The violent nature of pornography also teaches impressionable young minds “that ‘no’ means ‘yes,’ and that violence is sexy,” Halverson said. Children also feel the need to “act out” the media they have received, and there is a “rising crisis of children who are sexually abusing other children.”

The NCSE has authored resolutions that have passed in 15 states calling pornography a public health crisis. In 2016, the Republican National Committee platform adopted at the convention also called pornography a “public health crisis.” 

There is also a new push in the U.S. to normalize and decriminalize sex trafficking, panel experts warned.

Decriminalization would include the exploiters of women, Halverson said, pimps, sex traffickers and buyers, and “would lead to an exponential boom” in commercial sexual exploitation.

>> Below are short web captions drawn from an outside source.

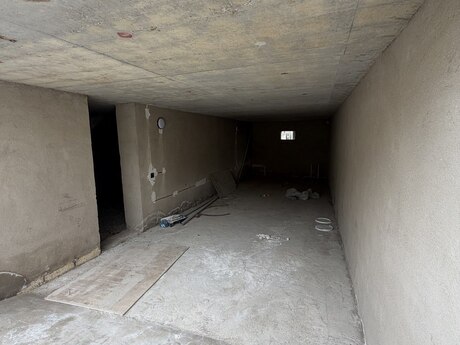 5 otaqlı həyət evi, 250 m², Masazır: 138 000 ₼ 3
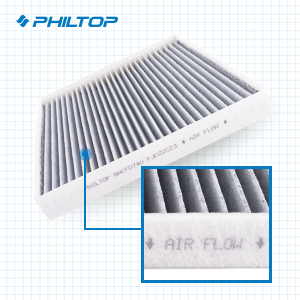2016 sonata cabin air filter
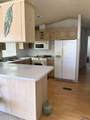 14351 Fortuna Palms Dr - Photo 3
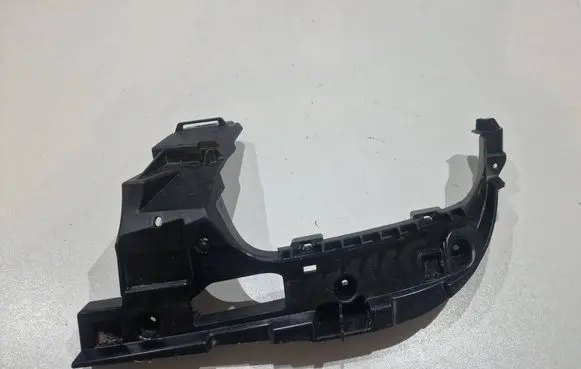 Audi A6 S6 C7 4G Muffler mount bracket/holder 4G0807363G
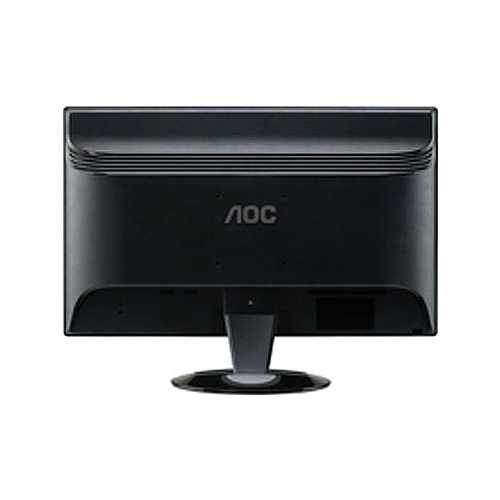Aoc q2963pm (черный) - купить , скидки, цена, отзывы, обзор, характеристики - мониторы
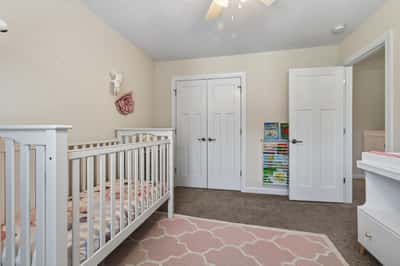 210 Sinclair Street, Norfolk, VA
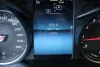 Mercedes C200 Automatik AMG *Panorama, Burmester, Led, Navigacija, Kamera* Thumbnail 5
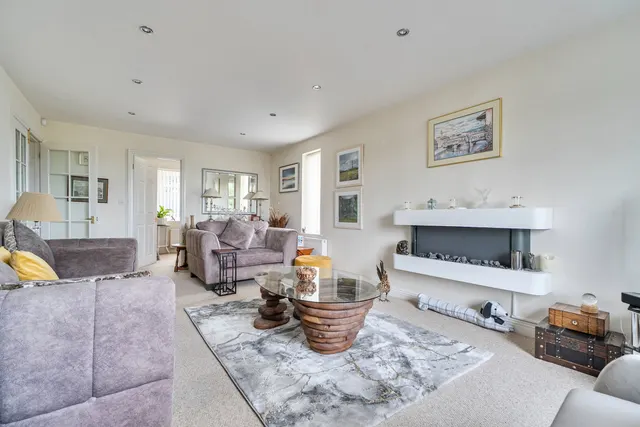 Station Road, Gunnislake, PL18, photo 2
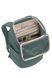 Рюкзак міський Ferrino Spin 18L Green (75263QVV)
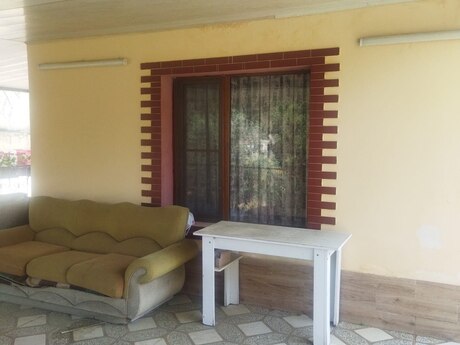 2 otaqlı həyət evi, 91 m², Şüvəlan: 340 000 ₼ 4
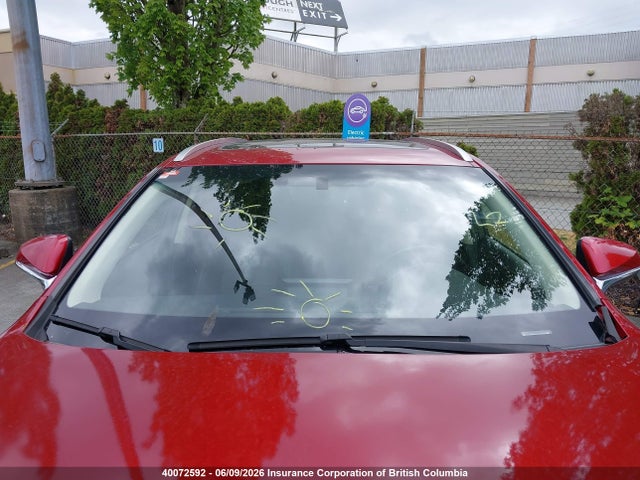 Aukcja sprzedaży 2015 Lexus Nx 200t 200t, vin: JTJBARBZ0F2034858, numer aukcji: 40072592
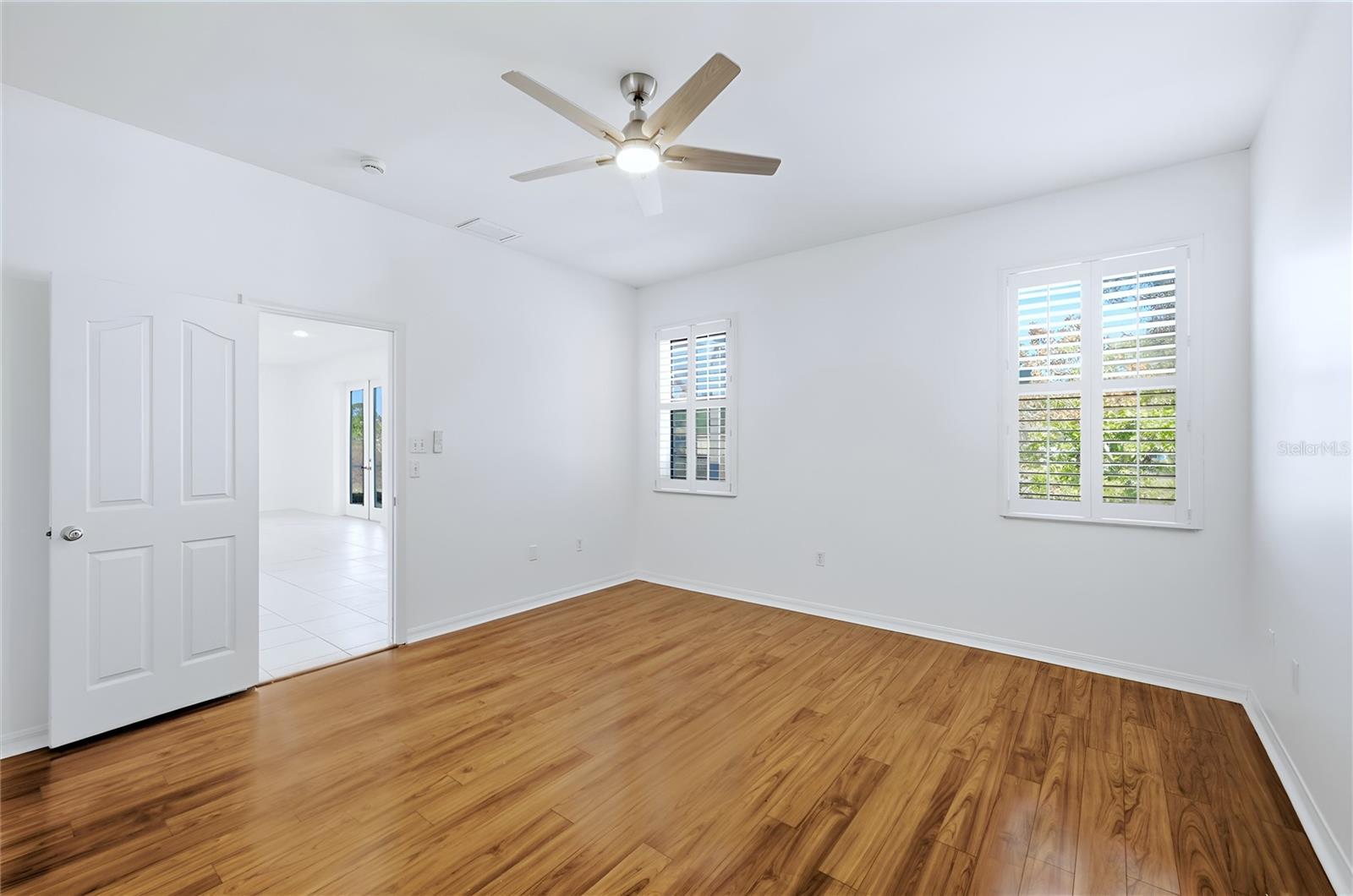 PORT CHARLOTTE SUB 26 - Residential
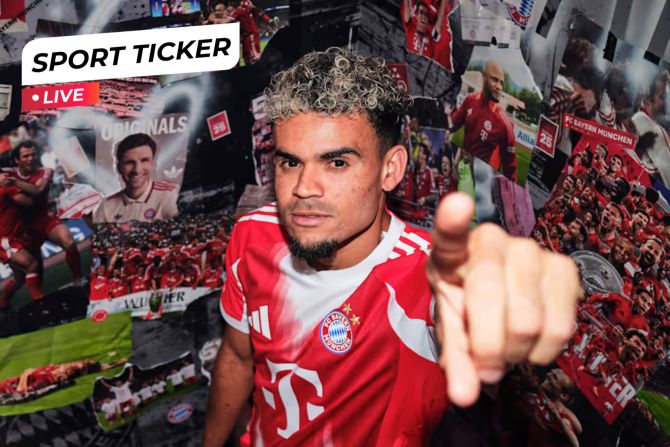 transfer-ticker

Natasha Chart, a board member of the Women’s Liberation Front, described how she was almost caught up in the sex trade at 17 years old, and added that young women are vulnerable to being ensnared in an exploitative industry—but if they are desensitized to abusive sex through violent pornography, they may not have the awareness to say no.

“Are they going to have that fear if they’ve been watching violent porn since 2011?” she asked.

Yet some progressive non-profits have been working to normalize commercial sexual exploitation. One media guide that Chart referenced recommends usage of the terms “involved in the sex trade” or “trading sex” or “sex worker.”

People are now saying it’s “feminism to whitewash the commercial sexual exploitation of children,” she said.